■ Exercise requirements
All lines with the word "Sleeve" in the material below are required.

■ Extracted material
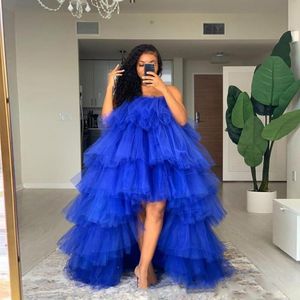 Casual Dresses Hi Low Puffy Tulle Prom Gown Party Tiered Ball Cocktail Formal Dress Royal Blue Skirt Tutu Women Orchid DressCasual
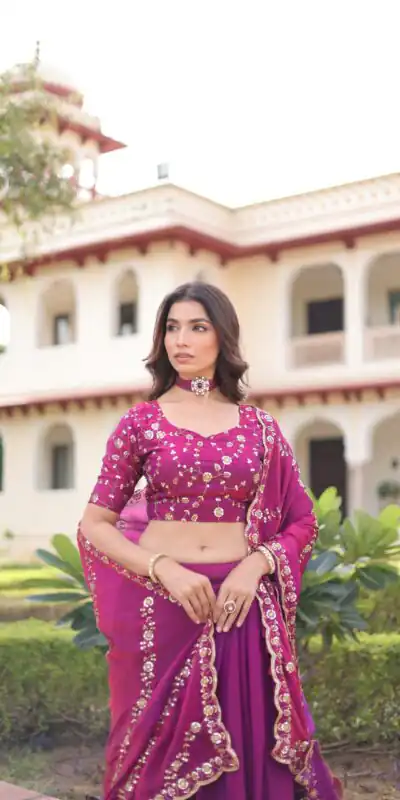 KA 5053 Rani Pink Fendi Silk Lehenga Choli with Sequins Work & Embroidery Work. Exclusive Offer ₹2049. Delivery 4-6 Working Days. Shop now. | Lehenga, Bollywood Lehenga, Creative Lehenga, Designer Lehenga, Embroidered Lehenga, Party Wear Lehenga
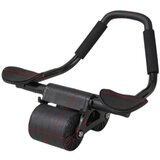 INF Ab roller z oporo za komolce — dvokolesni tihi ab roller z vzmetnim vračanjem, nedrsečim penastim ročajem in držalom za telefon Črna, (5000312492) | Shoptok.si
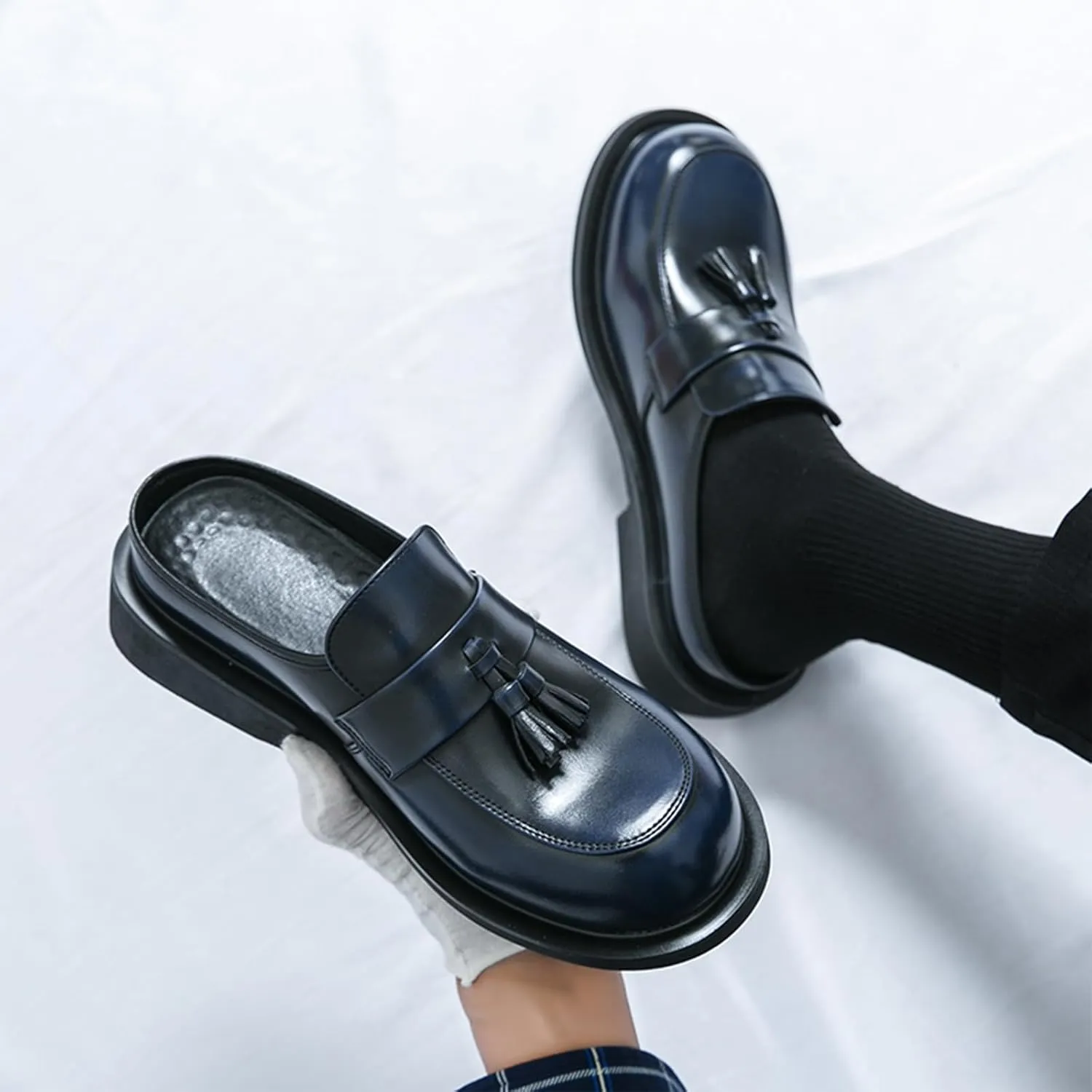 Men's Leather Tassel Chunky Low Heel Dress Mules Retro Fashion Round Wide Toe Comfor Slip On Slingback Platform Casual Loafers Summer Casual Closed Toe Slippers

--

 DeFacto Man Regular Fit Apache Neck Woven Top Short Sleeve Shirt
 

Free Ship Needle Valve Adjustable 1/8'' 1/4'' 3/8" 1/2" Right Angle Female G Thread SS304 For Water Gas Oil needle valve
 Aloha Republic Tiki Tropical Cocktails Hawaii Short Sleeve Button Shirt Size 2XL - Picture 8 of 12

■ Problem solution
 DeFacto Man Regular Fit Apache Neck Woven Top Short Sleeve Shirt
 Aloha Republic Tiki Tropical Cocktails Hawaii Short Sleeve Button Shirt Size 2XL - Picture 8 of 12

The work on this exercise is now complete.